# Scraping Wikipedia: Bullet Points

We broke up scraping into two tasks: scraping tables and scraping bullet points. This jupyter notebook walks you through Libby's bullet scraping process. 

## Ultimate Goal
Compile a database of all the aldermen who served between 2012 and 2023. 

## Steps
This will be broken down into two parts. Part 1 is where I will grab all the bullet points from wikipedia. Part 2 is where I scrape the pages of people who have profile links.

# Part 1

In [200]:
# Read in
import lxml.html
import httpx 
import pandas as pd
import re
import json

In [201]:
# Define key elements
url = "https://en.wikipedia.org/wiki/List_of_Chicago_alderpersons_since_1923"
url_text = httpx.get(url)
root = lxml.html.fromstring(url_text.text)

In [202]:
def compile_aldermen_for_wards(ul_element, ward_number, aldermen_dict):
    """
    Gather each the ward aldermen for wards whose aldermen are listed as bullet oints. 
    
    inputs:
        ul_element: element known to contain bullet points
        ward_number: str associated with number of ward
        aldermen_dict: dictionary to contain ward_numbers as the key, values 
        will be a list of dictionaries. Key is an alderman's name, value is any 
        link associated with them
    
    outputs: 
        aldermen_dict: dictionary to contain ward_numbers as the key, values 
        will be a list of dictionaries. Key is an alderman's name, value is any 
        link associated with them
    
    """
    ward_aldermen = []
    bullet_points = ul_element.cssselect("li")
    for bullet in bullet_points:
        links = bullet.cssselect('a')
        profile_link = None        
        if links is not None:
            for element in links:
                # Wikipedia will often link to a file or its bibliography. I 
                # only want a link if it has the person's biography there
                href = element.get('href')
                if re.search("File", str(href), re.IGNORECASE) or \
                    re.search("cite_note", str(href), re.IGNORECASE):
                    continue
                else:
                    profile_link = "https://en.wikipedia.org/" + href
                    break
        # Now I should create a dictionary with the indivudual as the key and 
        # the links as the value
        # I will then add this dictionary to a list.
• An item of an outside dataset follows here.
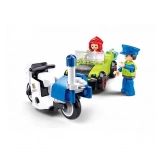 Sluban Metropolis Przebrany bandyta w samochodzie i policjant na motocyklu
This list will then be the 
        # value of final dictionary where the key is the ward
        
        # clean name courtesy of: https://stackoverflow.com/questions/640001/how-can-i-remove-text-within-parentheses-with-a-regex
        clean_name = re.sub(r'\([^)]*\)', '', bullet.text_content())
        person_tuple = (str.strip(clean_name), profile_link)
        ward_aldermen.append(person_tuple)
    
    aldermen_dict[ward_number] = ward_aldermen
    
    return aldermen_dict
    

In [203]:
aldermen_dict = {}

body_content = root.cssselect('div.mw-body-content')[0]
heading = body_content.cssselect('div.mw-heading.mw-heading3')
list_elements = body_content.cssselect('ul')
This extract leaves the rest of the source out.